Openfield test (OFT): Mice were assessed in an open rectangular box with a bottom edge length of 50 × 50 cm and a height of 60 cm (RWD Life Science, Shenzhen, China) on day 1 after surgery or mock treatment. After being placed in the intermediate region of the box, animal behavior was recorded by a camera for 5 consecutive minutes. The bottom of the box was divided into a central region (30 × 30 cm2) and the remaining peripheral region. The time spent by the animal in each region, as well as the distance moved in the box, were calculated.

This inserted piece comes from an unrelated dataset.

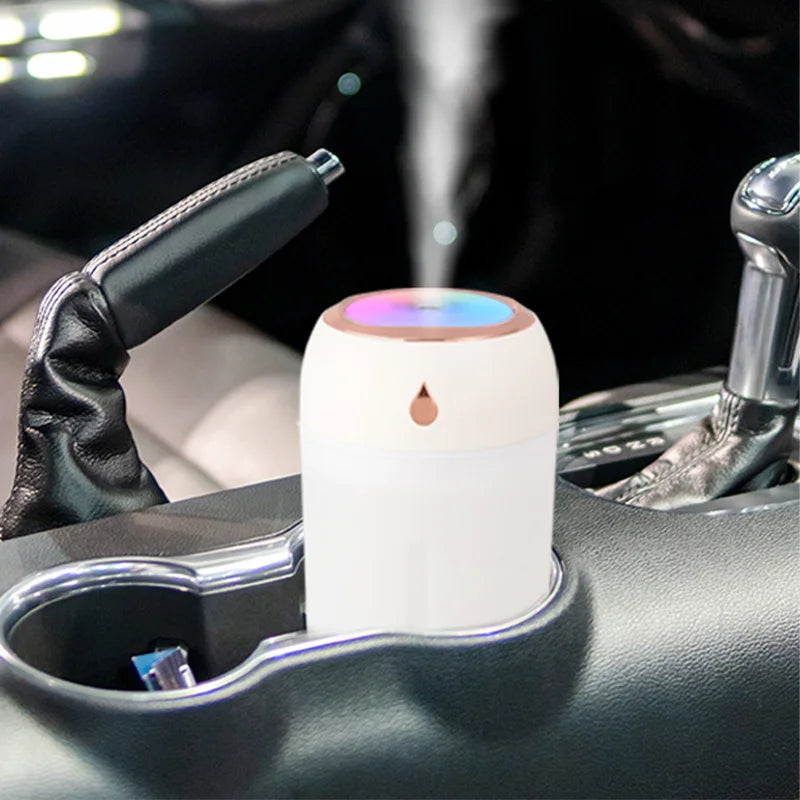 Portable Mini USB Air Humidifier & Aroma Diffuser - 330ml LED Cool Light Mist for Room, Home, Car, Plants & Air Purifier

Y-maze test was performed as previously described on day 2 after surgery. Briefly, the Y-maze apparatus comprised three identical arms (the size of each arm: 40 cm length × 8 cm width × 15 cm height, spaced 120° apart; RWD Life Science, Shenzhen, China). Mice were placed into the maze from the fixed arm and allowed to explore freely for 8 min while tracking software recorded zone transitioning and locomotor activity (Smart 3.0 tracking software, Panlab, Kent, UK). Spontaneous alternation was defined as a mouse entering all 3 arms on consecutive choices (ABC, BCA, or CAB; but not BAB, CAC, or CBC). Spontaneous alternation was calculated using the following formula: %spontaneous alternation = (number of alternations/total arm entries −2) × 100%.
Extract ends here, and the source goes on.